A junior, Schepers said her apartment at the Harshaw campus gives her a steady living situation, as well as provides support services as she pursues a degree in exercise science. When she graduates, she told Insider she wants to work with children in the foster care system and teach them about the connection between physical and mental health.
The Harshaw campus is part of a broader $71 million dollar intergenerational multifamily housing development called Riverport Landings, which includes 108-unit Riverport Senior Living, the 240-unit Riverport Family Apartments and the 64-unit Riverport Scholar House. The project was developed by the nonprofit Family Scholar House, the low-income housing developer LDG Development and the for-profit local developer The Marian Group.
In addition to low-income and affordable housing for single parents, people who’ve aged out of foster care and older residents, Riverport Landings, once complete, will have a 2.5-acre community park and 18,000-square-feet of retail space. It already has a 16,000-square-foot community service facility, where social services can co-locate, and a clubhouse with a business center, pool and fitness center.

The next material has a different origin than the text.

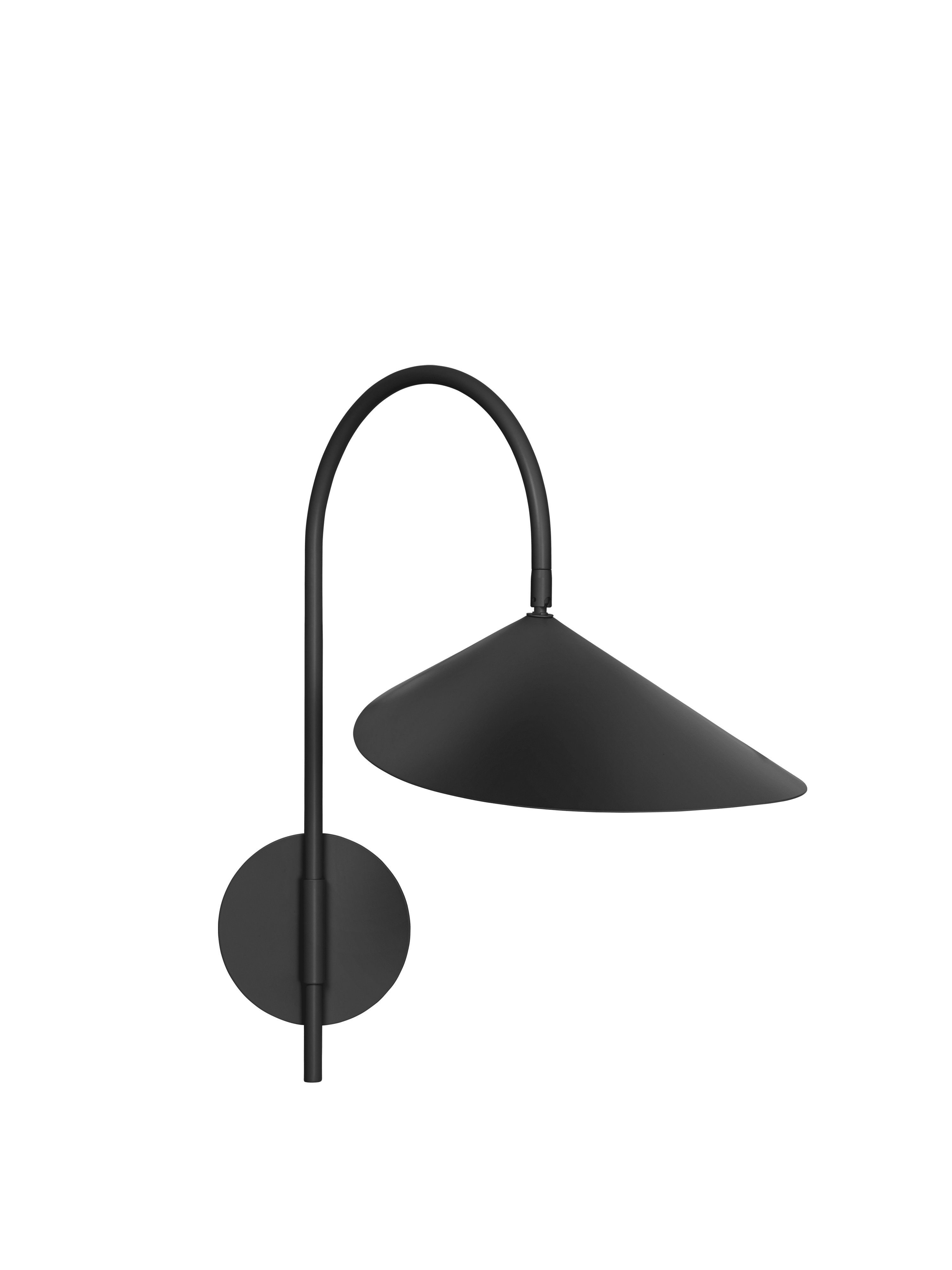Nástenná lampa ARUM SWIVEL čierna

“Everybody has to be connected to a hopeful and bright future so everybody feels like they are doing well,” said Mayor Greg Fischer. “Everybody has got to have a place they feel is theirs.”
Cathe Dykstra, chief possibility officer at Family Scholar House, said during the ribbon-cutting ceremony that building affordable, intergenerational housing where families, young adults and older residents can interact is a major part of Louisville’s master plan, Vision Louisville.
“We appreciate everybody who has been involved, and we appreciate the support we’ve gotten to make this a reality,” she said. “When affordable housing is combined with education, career development and supportive programs, new opportunities make way for new possibilities, and we all benefit.”
Family Scholar House resident Kalyn Maddox said, after becoming a teenage mother, the chance to live on the Harshaw campus with her 4-year-old daughter, go to college and receive support, including child care, seemed “too good to be true.”
“There are not enough words to describe what these past few months have been like for us as we settle into this new chapter in our beautiful apartment,” said Maddox, who is a sophomore at the University of Louisville studying nursing. “When I found out we were going to move onto this beautiful campus, tears filled my eyes. I could not contain all the emotions, the opportunity to live in our own space, to focus on school and to continue to grow as a mother and student.”
Maddox added that she is excited that her daughter will be able to see her follow her dreams.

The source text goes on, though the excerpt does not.